### [DATA IN THIS EXERCISE]
▬▬▬▬▬▬

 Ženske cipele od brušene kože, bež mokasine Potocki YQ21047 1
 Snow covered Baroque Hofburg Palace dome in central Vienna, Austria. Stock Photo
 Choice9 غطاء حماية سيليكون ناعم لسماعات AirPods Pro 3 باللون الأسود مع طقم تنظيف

▬▬▬▬▬▬

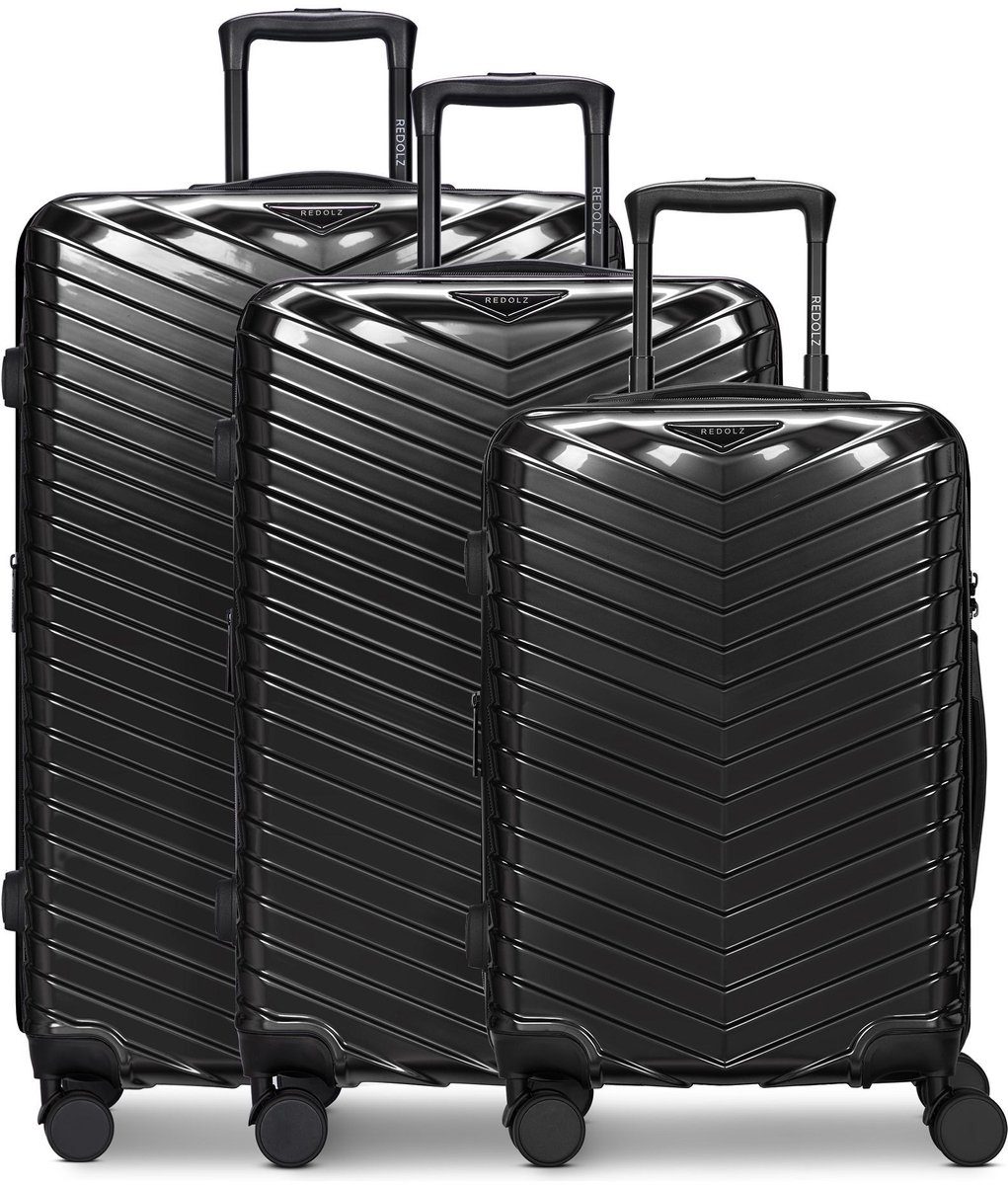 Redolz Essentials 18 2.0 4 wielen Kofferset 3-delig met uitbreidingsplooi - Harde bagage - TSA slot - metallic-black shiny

▬▬▬▬▬▬

### [WHAT THE EXERCISE ASKS]
Above are the records; print exactly the lines from the line with "Ženske cipele od" to the line with "Choice9 غطاء حماية", including both, and nothing else.

### [TASK SOLUTION]
 Ženske cipele od brušene kože, bež mokasine Potocki YQ21047 1
 Snow covered Baroque Hofburg Palace dome in central Vienna, Austria. Stock Photo
 Choice9 غطاء حماية سيليكون ناعم لسماعات AirPods Pro 3 باللون الأسود مع طقم تنظيف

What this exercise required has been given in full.